Portanto, “Cartas de Navegação” é a
condensação de um telurismo belo e incandescente com o pensamento
fino e silencioso que inunda a voz do poeta. Ao cavalgarmos seus
versos nos deparamos com o universo secular da poeira inexplicável
que habita os livros e conspira as idéias. E é, quem sabe, entre
esta presumida poeira cosmológica e a fragilidade pálida do papel
que reside a sabedoria humana, que dignifica e ao mesmo tempo
atormenta o próprio homem.
É aí, então, que surge a poesia como
essência substancial, transmutada em sabedoria; no pensar de José
Lezama Lima, poeta e ensaísta cubano, poesia transformada em
“substância que procura recobrir o vazio...”, “aproximar ou cezir o
espaço da queda”.
Em suas “Cartas de Navegação”, Társio
nos conduz a caminhos distantes, longínquos, que, talvez, somente o
sonho e o fazer poético os alcancem - caminhos onde repousa e
adormece o verbo.
Afirmamos que um poeta é
verdadeiramente poeta quando percebemos e sentimos a densidade, a
dimensão e a beleza de suas imagens poéticas.

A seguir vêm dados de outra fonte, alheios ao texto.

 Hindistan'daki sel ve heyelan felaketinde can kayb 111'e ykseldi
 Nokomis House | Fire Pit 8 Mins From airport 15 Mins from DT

E poesia se faz é com
imagens e não com palavras, como pensava Marlammé, mestre do
Simbolismo francês. Neste caso, a palavra dissolve-se, perde a sua
conotação meramente literal, transformando-se em algo abstrato e
irreal para o convencionalismo dos nossos sentidos. É este “algo
irreal e misterioso“, penso, o que podemos denominar de imagem
poética; segundo Lezama, “a última das histórias possíveis”,
proveniente da própria palavra metamorfoseada; como assinalou certa
vez Guimarães Rosa: “Em meus textos quero chocar o leitor, não
deixar que ele repouse na bengala dos lugares-comuns das expressões
acostumadas e domesticadas. Quero obrigá-lo a sentir uma novidade
nas palavras”.
O poema a seguir demonstra muito bem a
qualidade da poesia elaborada por Társio Pinheiro:
Era quase sol-posto; um sol de estio
como um boi na sangria agonizava
e um desencanto azul se misturava
à cantiga enigmática do rio...
sobre a pele das águas um arrepio
espantava o verão que ali se olhava...
fresca brisa marinha que chegava
como alívio de dor quase tardio.
Era a tarde desfeita em cataventos...
era um sol em desuso e um desalento
mugindo sombras sobre a minha face
e encantamentos sobre o mês de agosto,
enquanto se esvaía o sol já posto
como um enorme boi que agonizasse.
Cultuando a linha clássica
modernizada, Társio Pinheiro segue a trilha da melhor tradição
literária brasileira. Sei de suas incursões em torno de Drummond,
Bandeira, Augusto dos Anjos, Jorge de Lima, dentre muitos outros.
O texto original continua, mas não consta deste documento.